La ministre du Patrimoine, Pascale St-Onge, suggère de presque doubler le financement de la Société Radio-Canada pour rejoindre la moyenne des pays du G7.
Photo: Valérian Mazataud Archives Le Devoir La ministre du Patrimoine, Pascale St-Onge, suggère de presque doubler le financement de la Société Radio-Canada pour rejoindre la moyenne des pays du G7.

Alors que les conservateurs de Pierre Poilievre promettent de « définancer » le volet anglophone de CBC/Radio-Canada, la ministre fédérale du Patrimoine, Pascale St-Onge, propose de protéger l’avenir du diffuseur public en enchâssant son financement dans la loi.

« Radio-Canada/CBC n’appartient ni aux libéraux, ni aux conservateurs, ni à quelque autre parti politique [que ce soit] », a indiqué la ministre en conférence de presse à Ottawa, jeudi matin, au moment où elle dévoilait son plan de modernisation du mandat de la société d’État.

Le financement public que reçoit CBC/Radio-Canada se fait par des crédits parlementaires, qui sont votés chaque année par le Parlement dans le cadre du processus budgétaire. Pour protéger le financement des fluctuations politiques, la ministre St-Onge propose donc d’inscrire une nouvelle formule de financement par habitant directement dans la Loi sur la radiodiffusion.

Elle propose de presque doubler le financement des contribuables canadiens pour se rapprocher de la moyenne des pays du G7, qui s’élève à 62 $ par habitant. Actuellement, le gouvernement accorde environ 1,38 milliard de dollars par an à CBC/Radio-Canada, ce qui représente environ 33,66 $ par habitant.

Or, avec un changement de chef imminent à la tête du Parti libéral — et des élections fédérales qui risquent fort probablement d’être déclenchées peu de temps après —, rien ne garantit que ces propositions soient réellement mises en application.

Au moment même où la ministre dévoilait son plan, le chef conservateur, Pierre Poilievre, réaffirmait son intention de « couper le gaspillage » des fonds alloués au diffuseur public. « Presque personne ne regarde la télévision de CBC », a-t-il lancé lors d’un point de presse à Toronto.

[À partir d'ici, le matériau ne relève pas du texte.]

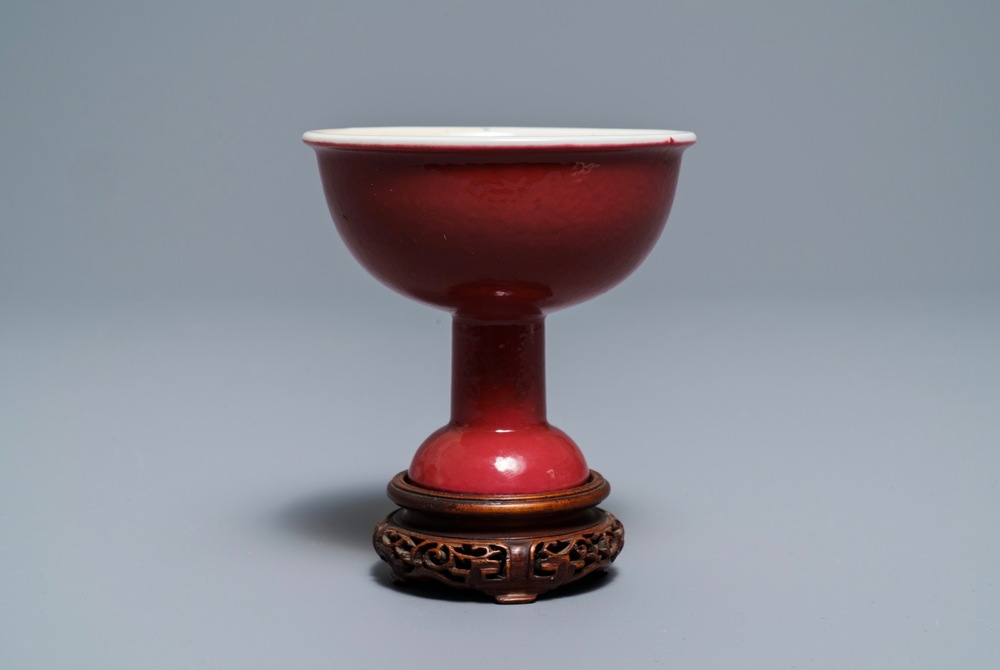 Un bol sur piedouche en porcelaine de Chine monochrome rouge rubis, 19&egrave;me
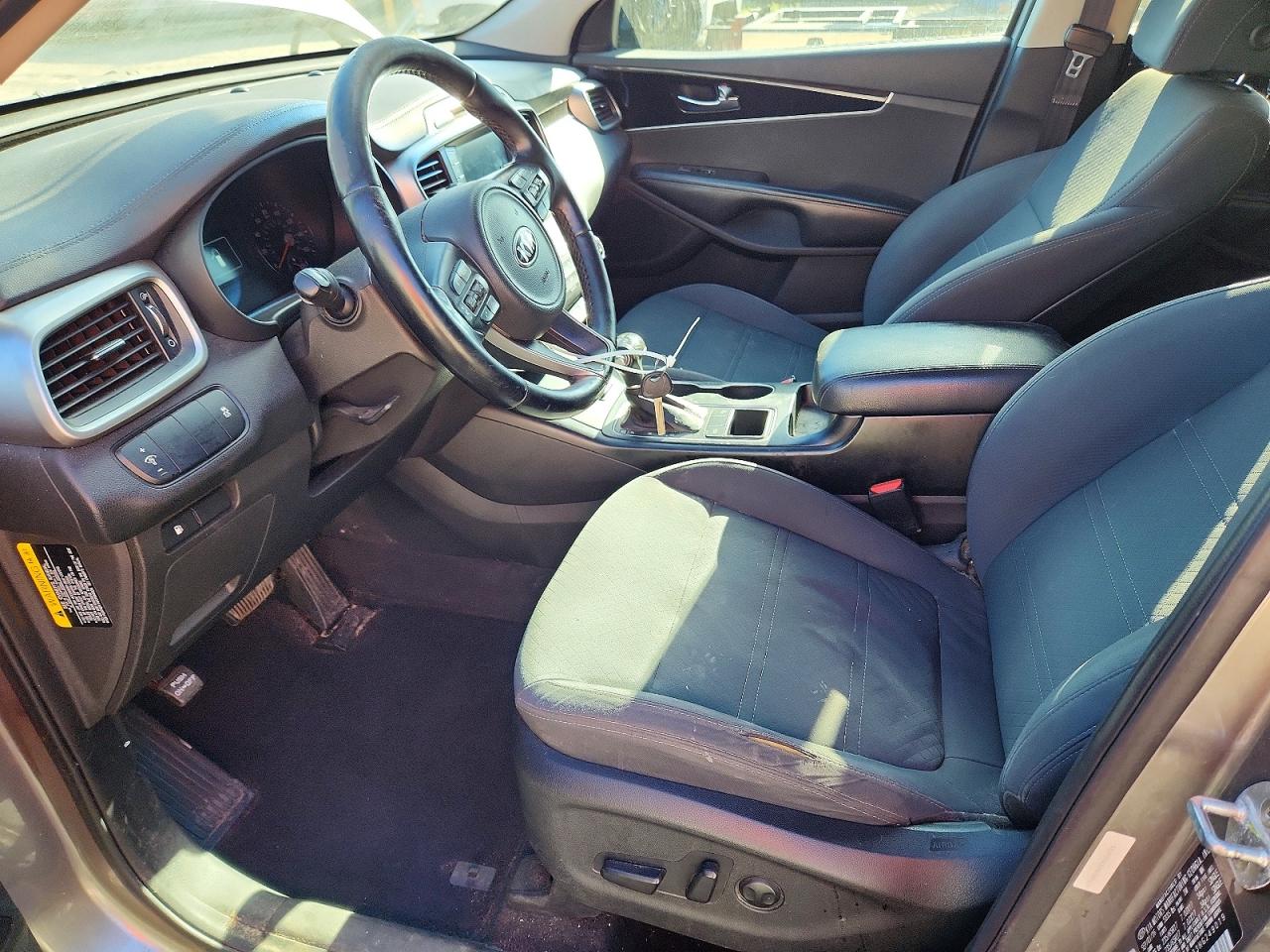 2017 KIA SORENTO LX photo 7
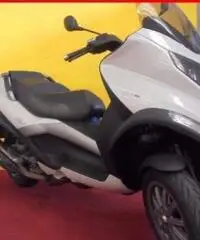 PIAGGIO MP3 400 bianco - 33507 - 2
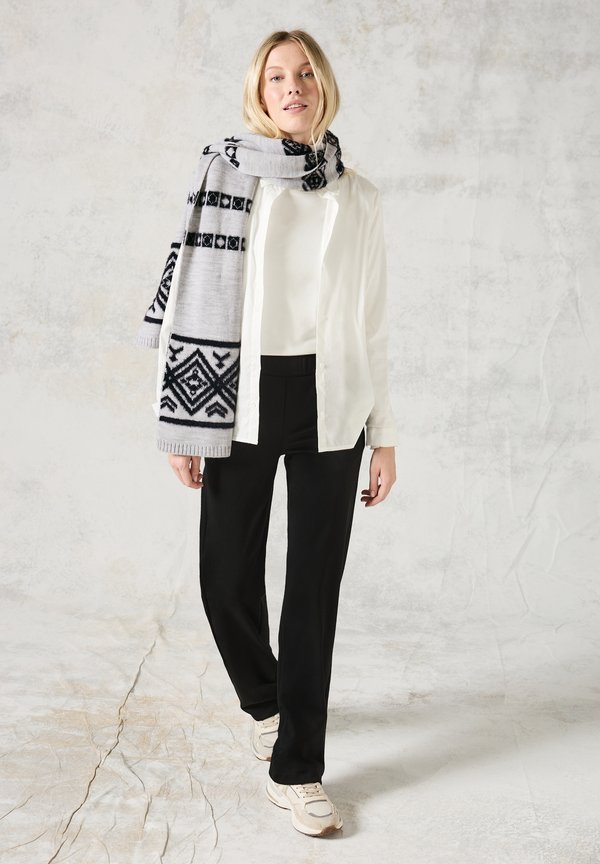 GEMUSTERTER  - Schal - grau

En présentant son plan à trois semaines de l’élection du prochain chef libéral, la ministre St-Onge espère obtenir des « engagements fermes » sur sa proposition de la part des candidats à la succession de Justin Trudeau. Ces derniers doivent s’affronter lors de deux débats prévus la semaine prochaine.

Mme St-Onge a aussi confirmé qu’elle ne sera pas candidate aux prochaines élections fédérales afin de se consacrer à sa famille, étant nouvellement maman.

Interdire la publicité

Le nouveau plan propose aussi d’interdire au diffuseur public de présenter de la publicité pendant ses émissions de nouvelles, d’information et d’affaires publiques sur tous ses services. « Ce changement-là va permettre d’apporter de l’oxygène pour le secteur privé, pour qui ces revenus publicitaires deviennent accessibles », a expliqué la ministre. Elle estime que cela permettrait de dégager entre 100 et 200 millions de dollars en revenus.

Le processus de nomination du grand patron du diffuseur public serait aussi modifié pour en confier la responsabilité au conseil d’administration plutôt qu’au gouvernement en place. Cela permettrait d’« éviter la perception [selon laquelle] la présidente serait redevable à un gouvernement », a expliqué la ministre.

La hausse du financement public mettrait aussi fin aux frais d’abonnement sur les plateformes numériques et les chaînes spécialisées de la société d’État.

À Québec, le bureau du ministre de la Culture, Mathieu Lacombe, a déploré ne pas avoir été consulté par Ottawa lors de l’élaboration de ce plan. « Le Québec aurait dû avoir voix au chapitre, et force est de constater que le fédéral préfère ignorer le fait que l’avenir de Radio-Canada, ça regarde aussi le Québec », a-t-il réagi dans une déclaration.

Le porte-parole du Bloc québécois en matière de patrimoine, Martin Champoux, a quant à lui applaudi le plan du gouvernement, même s’il se dit conscient qu’il « n’a à peu près aucune chance d’être adopté tel quel ». « Nous sommes contents de voir des pas dans cette direction et de constater que les frais d’abonnements seraient abolis dans ce nouveau mandat ; c’était une de nos premières demandes, afin d’assurer que le contenu produit soit accessible à tous », a-t-il déclaré.